Também fiz lições em alguns
cadernos de caligrafia, para aprender a escrever em linhas
retas, respeitando as margens, parágrafos, tudo para que o texto
saísse bonito.
Os cursos de datilografia e os
cadernos de caligrafia não devem nem mais existir, assim como
está acontecendo com as cartas.
A carta tem um charme, um
encantamento que provavelmente um e-mail nunca terá.
Escrever uma carta tem todo um
ritual: escolher o papel e a caneta, caprichar na letra e na
mensagem, dobrar o papel com cuidado antes de colocar no
envelope preenchido, selar, postar... e depois? Depois o
destinatário faz o mesmo ritual, afinal, estamos aguardando
ansiosos pelo chamado do carteiro: “Correioooo!”.
Uma carta é tudo isso e muito
mais: retrata a letra da pessoa, a personalidade, o cheiro, e
até as imperfeições são bonitas.
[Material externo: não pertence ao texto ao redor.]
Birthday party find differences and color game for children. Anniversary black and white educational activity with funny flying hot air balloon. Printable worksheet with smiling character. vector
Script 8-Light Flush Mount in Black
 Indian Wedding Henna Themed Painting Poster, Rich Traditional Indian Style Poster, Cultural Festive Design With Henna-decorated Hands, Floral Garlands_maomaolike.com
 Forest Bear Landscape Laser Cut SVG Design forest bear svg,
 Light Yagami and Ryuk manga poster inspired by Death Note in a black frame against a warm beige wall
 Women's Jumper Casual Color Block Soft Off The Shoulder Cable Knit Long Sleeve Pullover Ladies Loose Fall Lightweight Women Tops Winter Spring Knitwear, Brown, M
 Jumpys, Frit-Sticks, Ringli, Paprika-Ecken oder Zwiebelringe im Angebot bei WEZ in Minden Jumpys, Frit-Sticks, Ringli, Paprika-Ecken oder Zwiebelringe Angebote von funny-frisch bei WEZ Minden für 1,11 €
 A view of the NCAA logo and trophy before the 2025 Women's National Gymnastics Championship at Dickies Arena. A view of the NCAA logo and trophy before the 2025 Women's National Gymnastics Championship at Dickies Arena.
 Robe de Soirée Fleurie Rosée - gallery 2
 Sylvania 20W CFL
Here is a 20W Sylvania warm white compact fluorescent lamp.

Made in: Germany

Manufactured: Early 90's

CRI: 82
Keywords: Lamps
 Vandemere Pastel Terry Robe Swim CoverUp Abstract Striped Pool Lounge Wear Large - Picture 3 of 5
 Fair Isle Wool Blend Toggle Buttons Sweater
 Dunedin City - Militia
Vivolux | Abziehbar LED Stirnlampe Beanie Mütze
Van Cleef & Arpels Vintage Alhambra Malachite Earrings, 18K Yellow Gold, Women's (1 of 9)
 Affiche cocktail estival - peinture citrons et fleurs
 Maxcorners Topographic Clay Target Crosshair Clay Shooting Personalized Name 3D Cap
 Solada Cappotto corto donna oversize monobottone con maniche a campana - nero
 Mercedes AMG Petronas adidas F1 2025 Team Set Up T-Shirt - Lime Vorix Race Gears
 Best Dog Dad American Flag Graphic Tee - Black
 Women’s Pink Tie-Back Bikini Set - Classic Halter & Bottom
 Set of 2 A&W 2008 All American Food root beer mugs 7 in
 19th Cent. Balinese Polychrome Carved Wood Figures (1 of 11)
Coisas que não são possíveis ao
frio e-mail, todo formatadinho, escrito em Arial 12.
A tecnologia é maravilhosa, hoje
escrevo meus textos sem a preocupação de errar a palavra, mas se
errar o corretor ortográfico irá tracejá-la com uma linha
vermelha, e se eu não souber escrever uma carta os modelos do
Word ensinam até onde colocar a saudação. Todos estes recursos
escritores como Machado de Assis, Érico Veríssimo, Eça de
Queiroz, jamais imaginariam um dia existirem, eles que escreviam
e reescreviam seus livros, até chegarem ao ponto desejado.
Sou de uma geração de transição,
da máquina de escrever ao computador, do orelhão de fichas ao
celular, do LP ao CD, de brincar de vôlei e pega-pega com as
crianças na rua ao vídeo game solitário, da carta ao e-mail.
Talvez eu seja muito jovem para
dar conselhos, então vou tomar emprestado um de Brás Cubas,
personagem de Machado de Assis, que sabia bem o valor de uma
carta: “(...) abria-as todas,
li-as uma a uma, e recompunha o pretérito... Leitor ignaro, se
não guardas as cartas da juventude, não conhecerás um dia a
filosofia das folhas velhas, não gostarás o prazer de ver-te, ao
longe, na penumbra, com um chapéu de três bicos, botas de sete
léguas e longas barbas assírias, a bailar ao som de uma gaita
anacreôntica. Guarda as tuas cartas da juventude!
Ou, se
te não apraz o chapéu de três bicos, empregarei a locução de um
velho marujo (...) direi que, se guardares as cartas da
juventude, acharás ocasião de "cantar uma saudade". “.